Forex, going long or short position is synonymous with every trade carried out in the forex market. This is because, in every trade, a trader is expected to go long in one position while going short in the other one. In this article, we will discuss what it means to go long and short in forex trade, and the reason/benefits a trader has to go short or go long in forex.


To go long in forex means to buy security in hopes that the asset would rise. Just like the name implies, to go long/ long positions investments are long term investments and traders that go long do not have the intention of selling the commodity any time soon. So, two basic things about going long in forex trade can be summarized as follows

  • A forex trader who decides to go long in forex trading can only buy a security expecting that the asset of the security would rise in future.
  • A fore trader involved in long term investment, or who goes long in forex, have no intention to sell the acquired security any time soon.


To go short in the forex market means for a forex trader to sell borrowed security in the open market in hopes that the cost of the security would decrease with time. If the cost of the security does decrease, the trader would buy back the security (at a lower price this time) and probably return them to the person she borrowed them from. For instance, if a trader borrows and trades a 100USD worth of security in a short forex position, and the value of dollar does decrease as hoped, the trader would buy back the exact amount of security for less than 100USD, and make some profit from that. Assuming dollar decreases to its barest minimum, the trader can only gain 100USD or less; but if the trade goes against the trader’s expectations, the trader can lose infinitely since there is a tendency for securities to increase infinitely in the forex market.
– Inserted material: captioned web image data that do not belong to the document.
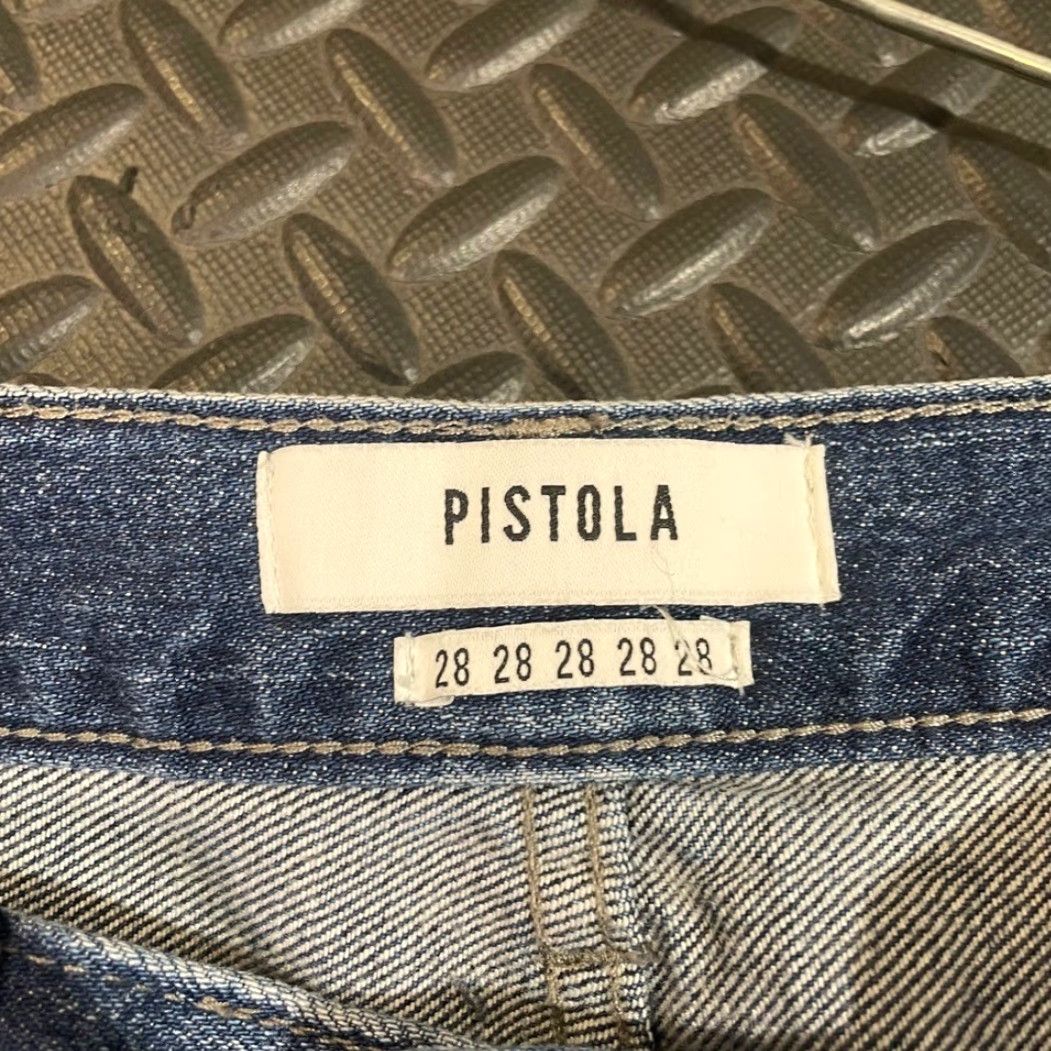 Pistola PISTOLA Distressed Jeans High Rise Ripped Frayed Hem Denim Blue Women’s Size 28 Ankle Jeans Womens Blue 28 Size 28" / US 6 / IT 42 - 5 Thumbnail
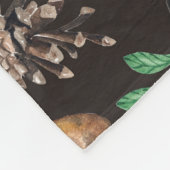 Naadloos patroon met paddenstoelen, noten, bladere fleece deken (Hoek)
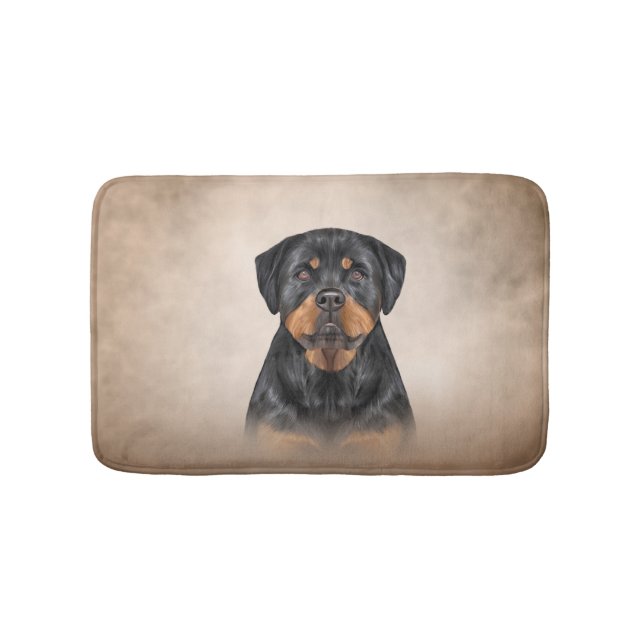 Rottweiler Badematte (Vorderseite)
  1. Basically, in the forex market, to go long positions means to acquire securities, to own them; while to go short means to borrow security, to owe them. So, in long positions, securities are owned, while in short positions, securities are owed.
  2. An investor that owns, say 50 shares, is said to be long 50 shares; while an investor who owes 50 shares is said to be short 50 shares.
  3. The forex market is all about opportunities. Going long is not riskier or better that going short or vice versa. It is a matter of knowing when to apply what trading tool to make maximum profit.